A former AAD president with a background in computer science believes that machine learning and other new technologies will dramatically change the way dermatologists diagnose pigmented lesions in the next five to 10 years. “There’s a bunch of technologies out there — mole-mapping, temporal serial imaging, Melafind, confocal microscopy, optical coherence tomography,” said Darrell S. Rigel, MD, clinical professor of dermatology at New York University Medical Center. “They’re all attacking the problem in a different way, but it’s the same problem. You have a patient who walks in with 100 moles, which ones do you biopsy? Or, can you obviate the biopsy? A couple of these technologies will win, and they will take us to the next level, beyond a dermatoscope.” Dr. Rigel pointed to a potential regulatory issue for machine learning algorithms that hampered the development of Melafind: the algorithm learns and changes continuously as it absorbs new data, but the U.S. Food and Drug Administration requires device developers to re-submit their devices for approval if they’re changed significantly. “Although Melafind was designed to get better and better, the FDA made it almost impossible to take advantage of that capability,” Dr. Rigel said. An article published online by The Atlantic (www.theatlantic.com/technology/archive/2017/10/algorithms-future-of-health-care/543825/) explores the regulatory situation for machine learning in depth and notes that the FDA is working with developers to update the agency’s regulatory processes for new digital health technologies.
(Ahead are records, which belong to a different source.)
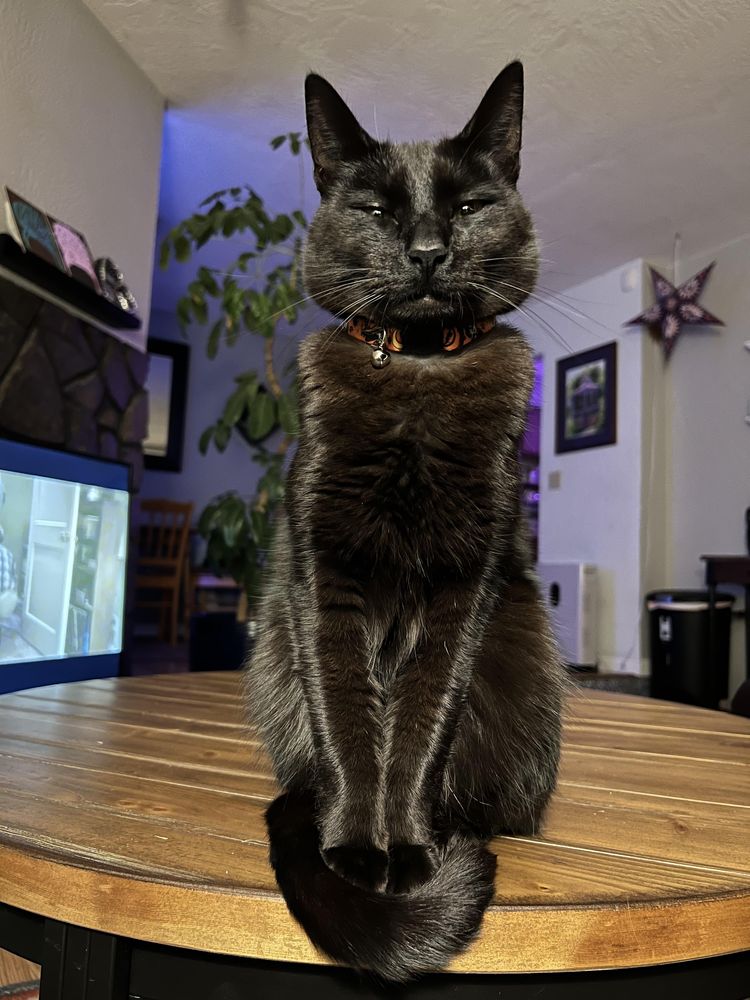 image-20221109133443-7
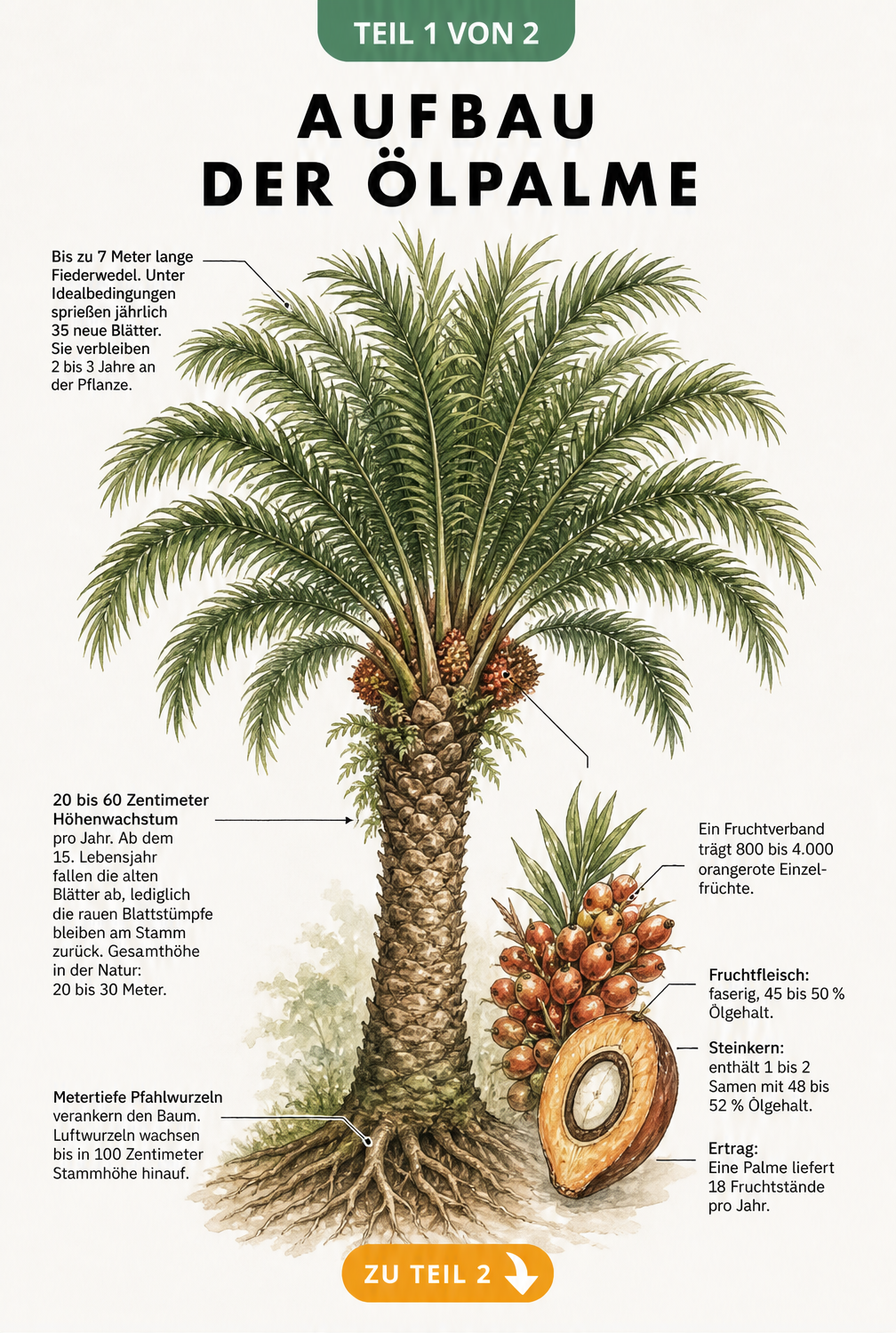 Botanische Illustration einer Ölpalme mit Details zu Blättern, Stamm, Wurzeln und Früchten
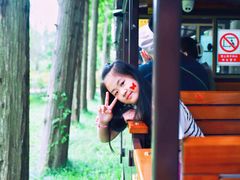 -黄海国家森林公园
Dr. Ko and Dr. Halpern reiterated that machine learning is an opportunity for dermatologists, not a threat. “We have a responsibility to be thinking about how to use this to genuinely improve the delivery of care,” said Dr. Halpern. “We need to understand that there are real threats associated with this, but they’re not to the dermatologist per se; they’re to making mistakes of implementing it ineffectively. In the right hands, used under the right models, this should upscale the value of the dermatologist while improving early detection and preventing some of the unnecessary surgery that’s going on. But that’s a really tall order.” Dr. Ko pointed out that “detection of the melanoma is great, but as we know, medicine is not just about diagnosis. Getting that patient through the stages of counseling, treatment, follow-up, that’s the doctoring. There will soon be things that do better at the rote stuff. And we should embrace that. I would gladly welcome a virtual clinical assistant to help me augment and extend the care I can deliver.”